On Thu, 24 Jan 2013 10:00:04 +0530, Srivatsa S. Bhat wrote:
> On 01/24/2013 01:27 AM, Tejun Heo wrote:
>> On Thu, Jan 24, 2013 at 01:03:52AM +0530, Srivatsa S. Bhat wrote:
>>> CPU 0                          CPU 1
>>>
>>> read_lock(&rwlock)
>>>
>>>                               write_lock(&rwlock) //spins, because CPU 0
>>>                               //has acquired the lock for read
>>>
>>> read_lock(&rwlock)
>>>    ^^^^^
>>> What happens here?
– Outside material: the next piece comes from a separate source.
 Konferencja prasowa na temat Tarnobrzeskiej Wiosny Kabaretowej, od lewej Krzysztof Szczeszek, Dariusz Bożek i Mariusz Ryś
Does CPU 0 start spinning (and hence deadlock) or will
>>> it continue realizing that it already holds the rwlock for read?
>> 
>> I don't think rwlock allows nesting write lock inside read lock.
>> read_lock(); write_lock() will always deadlock.
>> 
>
> Sure, I understand that :-) My question was, what happens when *two* CPUs
> are involved, as in, the read_lock() is invoked only on CPU 0 whereas the
> write_lock() is invoked on CPU 1.
>
> For example, the same scenario shown above, but with slightly different
> timing, will NOT result in a deadlock:
>
> Scenario 2:
>   CPU 0                                CPU 1
>
> read_lock(&rwlock)
>
>
> read_lock(&rwlock) //doesn't spin
>
>                                     write_lock(&rwlock) //spins, because CPU 0
>                                     //has acquired the lock for read
>
>
> So I was wondering whether the "fairness" logic of rwlocks would cause
> the second read_lock() to spin (in the first scenario shown above) because
> a writer is already waiting (and hence new readers should spin) and thus
> cause a deadlock.

In my understanding, current x86 rwlock does basically this (of course,
in an atomic fashion):


#define RW_LOCK_BIAS 0x10000

rwlock_init(rwlock)
{
	rwlock->lock = RW_LOCK_BIAS;
}

arch_read_lock(rwlock)
{
retry:
	if (--rwlock->lock >= 0)
		return;

        rwlock->lock++;
        while (rwlock->lock < 1)
        	continue;

        goto retry;
}

arch_write_lock(rwlock)
{
retry:
	if ((rwlock->lock -= RW_LOCK_BIAS) == 0)
        	return;

        rwlock->lock += RW_LOCK_BIAS;
	while (rwlock->lock != RW_LOCK_BIAS)
		continue;

        goto retry;
}


So I can't find where the 'fairness' logic comes from..

Thanks,
Namhyung